Relocating Simulation Data and Updating the Cache

This section of the documentation describes how you can update the Halotools cache log in the event that you move an already-cached halo catalog to a new location on disk. The Instructions for relocating simulation data section tells you what to do, and the Explanation of the underlying source code section explains what is going on under the hood.

Instructions for relocating simulation data

The normal way to load a CachedHaloCatalog is to pass a set of metadata to the constructor:

>>> halocat = CachedHaloCatalog(simname = simname, halo_finder = halo_finder, version_name = version_name, redshift = redshift) # doctest: +SKIP

However, if you have moved your halo catalog, then the cache log no longer points to the correct path. To load the relocated halo catalog and simultaneously update the cache log, just pass the absolute path of the relocated hdf5 file to the CachedHaloCatalog, and set update_cached_fname to True:

>>> halocat = CachedHaloCatalog(fname = abs_path_to_hdf5_file, update_cached_fname = True) # doctest: +SKIP

For reasons described in Explanation of the underlying source code, this will only work with previously-cached halo catalogs that have been relocated.

Explanation of the underlying source code

All hdf5 files storing cached simulation data have metadata bound to them that helps protect against bookkeeping-related bugs. The h5py package manages all metadata with the following dictionary-like sytnax:

>>> import h5py # doctest: +SKIP
>>> fileobj = h5py.File(fname) # doctest: +SKIP
>>> list_of_metadata_keys = fileobj.attrs.keys() # doctest: +SKIP
>>> metadata_value = fileobj.attrs[metadata_key] # doctest: +SKIP

The hdf5 file of all cached halo catalogs have a fname metadata key. At the time each catalog is cached, the fname metadata of the hdf5 file is in agreement with the corresponding row and column of the Halotools cache log, which is stored as ASCII data in the following location:

$HOME/.astropy/cache/halotools/halo_table_cache_log.txt

The path in the fname column of the cache log ASCII file is the location where HaloTableCache class will go looking for the catalog. Whenever you load an instance of the CachedHaloCatalog class by passing it metadata such as a simname, what happens is that the HaloTableCache searches halo_table_cache_log.txt for a row with matching metadata. The fname column in the matching row is then treated as the absolute path to the hdf5 file where the halo data is stored. The CachedHaloCatalog class then inspects the hdf5 file stored in that location, and if the fname metadata key of that file does not match the actual fname, the HaloTableCache class raises an exception. Halotools intentionally makes it difficult to move simulation data around willy-nilly, as this is a common cause of buggy behavior in simulation analysis.

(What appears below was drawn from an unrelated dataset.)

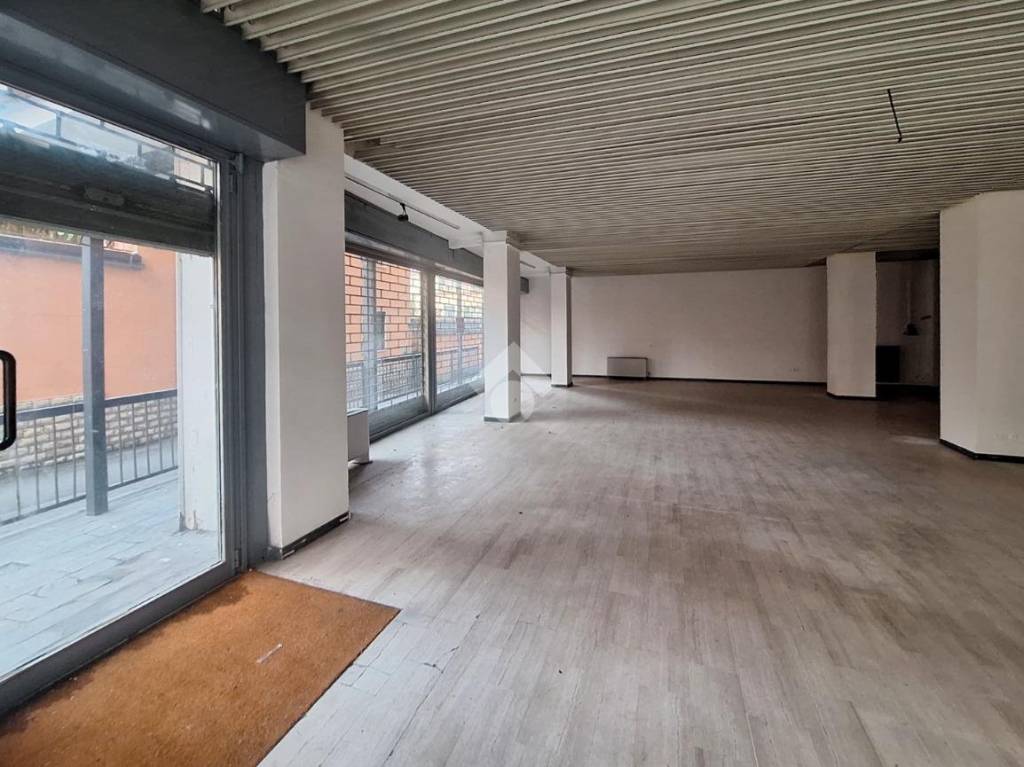 immagine annuncio 9 di 14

There are nonetheless perfectly good reasons to relocate simulation data to new disk locations, and as described in the Instructions for relocating simulation data, this can be accomplished with the fname keyword argument of the CachedHaloCatalog class. When you use the fname keyword argument with update_cached_fname set to True, this triggers the following sequence of events:

  1. The h5py package is used to over-write the fname metadata of the hdf5 file.
  2. The HaloTableCache class deletes the appropriate row of halo_table_cache_log.txt and adds a new row with the new fname.

From now on you can go back to loading this halo catalog into memory by passing in metadata to the CachedHaloCatalog class constructor.